**DESCRIPTION OF THE TASK**
Repeat the entries that follow, exactly as they are written.
#### PROVIDED INFORMATION
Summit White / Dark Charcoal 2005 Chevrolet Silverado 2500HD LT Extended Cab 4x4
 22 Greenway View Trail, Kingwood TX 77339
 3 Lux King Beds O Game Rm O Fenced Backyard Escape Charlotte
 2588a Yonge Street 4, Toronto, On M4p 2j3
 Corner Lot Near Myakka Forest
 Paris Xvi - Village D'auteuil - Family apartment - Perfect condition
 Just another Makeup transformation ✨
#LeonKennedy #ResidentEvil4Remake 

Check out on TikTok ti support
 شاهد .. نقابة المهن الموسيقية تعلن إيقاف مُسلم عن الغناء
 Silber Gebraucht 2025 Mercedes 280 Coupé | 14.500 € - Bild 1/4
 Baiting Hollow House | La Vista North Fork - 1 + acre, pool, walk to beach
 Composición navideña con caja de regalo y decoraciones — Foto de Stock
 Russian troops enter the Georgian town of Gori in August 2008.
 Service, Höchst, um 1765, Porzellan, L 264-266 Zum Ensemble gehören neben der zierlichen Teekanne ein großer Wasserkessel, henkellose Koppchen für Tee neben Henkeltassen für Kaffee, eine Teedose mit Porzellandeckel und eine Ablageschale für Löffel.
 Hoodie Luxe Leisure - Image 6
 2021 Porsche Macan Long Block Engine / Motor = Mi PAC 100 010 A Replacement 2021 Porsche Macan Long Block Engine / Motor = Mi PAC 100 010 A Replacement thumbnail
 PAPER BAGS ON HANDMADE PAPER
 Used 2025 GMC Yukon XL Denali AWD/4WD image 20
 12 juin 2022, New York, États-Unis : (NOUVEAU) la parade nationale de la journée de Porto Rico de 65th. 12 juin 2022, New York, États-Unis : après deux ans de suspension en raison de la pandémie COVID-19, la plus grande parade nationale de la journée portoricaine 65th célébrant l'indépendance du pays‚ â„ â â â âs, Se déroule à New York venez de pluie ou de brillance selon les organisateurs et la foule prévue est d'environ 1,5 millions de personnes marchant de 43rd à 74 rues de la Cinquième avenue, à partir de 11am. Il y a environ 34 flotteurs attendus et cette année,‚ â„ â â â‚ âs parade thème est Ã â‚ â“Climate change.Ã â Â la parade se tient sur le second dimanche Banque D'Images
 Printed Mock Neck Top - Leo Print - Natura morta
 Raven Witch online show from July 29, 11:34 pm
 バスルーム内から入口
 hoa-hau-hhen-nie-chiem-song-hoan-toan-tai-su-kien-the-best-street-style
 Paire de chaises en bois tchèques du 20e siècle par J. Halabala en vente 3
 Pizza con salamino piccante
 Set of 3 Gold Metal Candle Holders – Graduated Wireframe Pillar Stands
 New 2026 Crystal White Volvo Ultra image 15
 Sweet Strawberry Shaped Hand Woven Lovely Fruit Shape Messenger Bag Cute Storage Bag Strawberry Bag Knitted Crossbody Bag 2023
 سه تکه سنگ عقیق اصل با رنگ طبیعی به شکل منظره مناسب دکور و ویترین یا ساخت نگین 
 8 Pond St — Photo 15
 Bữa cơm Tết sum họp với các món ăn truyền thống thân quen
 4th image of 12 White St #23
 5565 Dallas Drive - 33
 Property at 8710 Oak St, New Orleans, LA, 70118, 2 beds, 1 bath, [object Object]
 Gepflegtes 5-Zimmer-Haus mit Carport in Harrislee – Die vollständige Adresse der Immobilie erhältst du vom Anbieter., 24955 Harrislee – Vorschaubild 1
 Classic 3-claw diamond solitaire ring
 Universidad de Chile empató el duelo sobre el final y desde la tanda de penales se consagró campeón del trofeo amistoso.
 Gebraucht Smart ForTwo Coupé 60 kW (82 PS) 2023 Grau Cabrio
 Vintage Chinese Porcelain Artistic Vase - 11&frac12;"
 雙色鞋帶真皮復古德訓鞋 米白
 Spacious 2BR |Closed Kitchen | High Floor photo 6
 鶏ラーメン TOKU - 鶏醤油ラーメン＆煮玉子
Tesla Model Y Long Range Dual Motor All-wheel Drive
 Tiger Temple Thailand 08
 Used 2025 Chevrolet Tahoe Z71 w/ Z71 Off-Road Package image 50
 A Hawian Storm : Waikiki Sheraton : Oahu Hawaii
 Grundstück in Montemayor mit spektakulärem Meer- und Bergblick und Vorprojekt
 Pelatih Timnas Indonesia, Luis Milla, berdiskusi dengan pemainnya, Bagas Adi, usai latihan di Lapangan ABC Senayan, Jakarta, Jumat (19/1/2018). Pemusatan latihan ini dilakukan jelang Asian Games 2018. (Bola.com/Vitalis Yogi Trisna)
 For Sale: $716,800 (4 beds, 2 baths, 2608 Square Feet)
########
**SOLUTION**
Summit White / Dark Charcoal 2005 Chevrolet Silverado 2500HD LT Extended Cab 4x4
 22 Greenway View Trail, Kingwood TX 77339
 3 Lux King Beds O Game Rm O Fenced Backyard Escape Charlotte
 2588a Yonge Street 4, Toronto, On M4p 2j3
 Corner Lot Near Myakka Forest
 Paris Xvi - Village D'auteuil - Family apartment - Perfect condition
 Just another Makeup transformation ✨
#LeonKennedy #ResidentEvil4Remake 

Check out on TikTok ti support
 شاهد .. نقابة المهن الموسيقية تعلن إيقاف مُسلم عن الغناء
 Silber Gebraucht 2025 Mercedes 280 Coupé | 14.500 € - Bild 1/4
 Baiting Hollow House | La Vista North Fork - 1 + acre, pool, walk to beach
 Composición navideña con caja de regalo y decoraciones — Foto de Stock
 Russian troops enter the Georgian town of Gori in August 2008.
 Service, Höchst, um 1765, Porzellan, L 264-266 Zum Ensemble gehören neben der zierlichen Teekanne ein großer Wasserkessel, henkellose Koppchen für Tee neben Henkeltassen für Kaffee, eine Teedose mit Porzellandeckel und eine Ablageschale für Löffel.
 Hoodie Luxe Leisure - Image 6
 2021 Porsche Macan Long Block Engine / Motor = Mi PAC 100 010 A Replacement 2021 Porsche Macan Long Block Engine / Motor = Mi PAC 100 010 A Replacement thumbnail
 PAPER BAGS ON HANDMADE PAPER
 Used 2025 GMC Yukon XL Denali AWD/4WD image 20
 12 juin 2022, New York, États-Unis : (NOUVEAU) la parade nationale de la journée de Porto Rico de 65th. 12 juin 2022, New York, États-Unis : après deux ans de suspension en raison de la pandémie COVID-19, la plus grande parade nationale de la journée portoricaine 65th célébrant l'indépendance du pays‚ â„ â â â âs, Se déroule à New York venez de pluie ou de brillance selon les organisateurs et la foule prévue est d'environ 1,5 millions de personnes marchant de 43rd à 74 rues de la Cinquième avenue, à partir de 11am. Il y a environ 34 flotteurs attendus et cette année,‚ â„ â â â‚ âs parade thème est Ã â‚ â“Climate change.Ã â Â la parade se tient sur le second dimanche Banque D'Images
 Printed Mock Neck Top - Leo Print - Natura morta
 Raven Witch online show from July 29, 11:34 pm
 バスルーム内から入口
 hoa-hau-hhen-nie-chiem-song-hoan-toan-tai-su-kien-the-best-street-style
 Paire de chaises en bois tchèques du 20e siècle par J. Halabala en vente 3
 Pizza con salamino piccante
 Set of 3 Gold Metal Candle Holders – Graduated Wireframe Pillar Stands
 New 2026 Crystal White Volvo Ultra image 15
 Sweet Strawberry Shaped Hand Woven Lovely Fruit Shape Messenger Bag Cute Storage Bag Strawberry Bag Knitted Crossbody Bag 2023
 سه تکه سنگ عقیق اصل با رنگ طبیعی به شکل منظره مناسب دکور و ویترین یا ساخت نگین 
 8 Pond St — Photo 15
 Bữa cơm Tết sum họp với các món ăn truyền thống thân quen
 4th image of 12 White St #23
 5565 Dallas Drive - 33
 Property at 8710 Oak St, New Orleans, LA, 70118, 2 beds, 1 bath, [object Object]
 Gepflegtes 5-Zimmer-Haus mit Carport in Harrislee – Die vollständige Adresse der Immobilie erhältst du vom Anbieter., 24955 Harrislee – Vorschaubild 1
 Classic 3-claw diamond solitaire ring
 Universidad de Chile empató el duelo sobre el final y desde la tanda de penales se consagró campeón del trofeo amistoso.
 Gebraucht Smart ForTwo Coupé 60 kW (82 PS) 2023 Grau Cabrio
 Vintage Chinese Porcelain Artistic Vase - 11&frac12;"
 雙色鞋帶真皮復古德訓鞋 米白
 Spacious 2BR |Closed Kitchen | High Floor photo 6
 鶏ラーメン TOKU - 鶏醤油ラーメン＆煮玉子
Tesla Model Y Long Range Dual Motor All-wheel Drive
 Tiger Temple Thailand 08
 Used 2025 Chevrolet Tahoe Z71 w/ Z71 Off-Road Package image 50
 A Hawian Storm : Waikiki Sheraton : Oahu Hawaii
 Grundstück in Montemayor mit spektakulärem Meer- und Bergblick und Vorprojekt
 Pelatih Timnas Indonesia, Luis Milla, berdiskusi dengan pemainnya, Bagas Adi, usai latihan di Lapangan ABC Senayan, Jakarta, Jumat (19/1/2018). Pemusatan latihan ini dilakukan jelang Asian Games 2018. (Bola.com/Vitalis Yogi Trisna)
 For Sale: $716,800 (4 beds, 2 baths, 2608 Square Feet)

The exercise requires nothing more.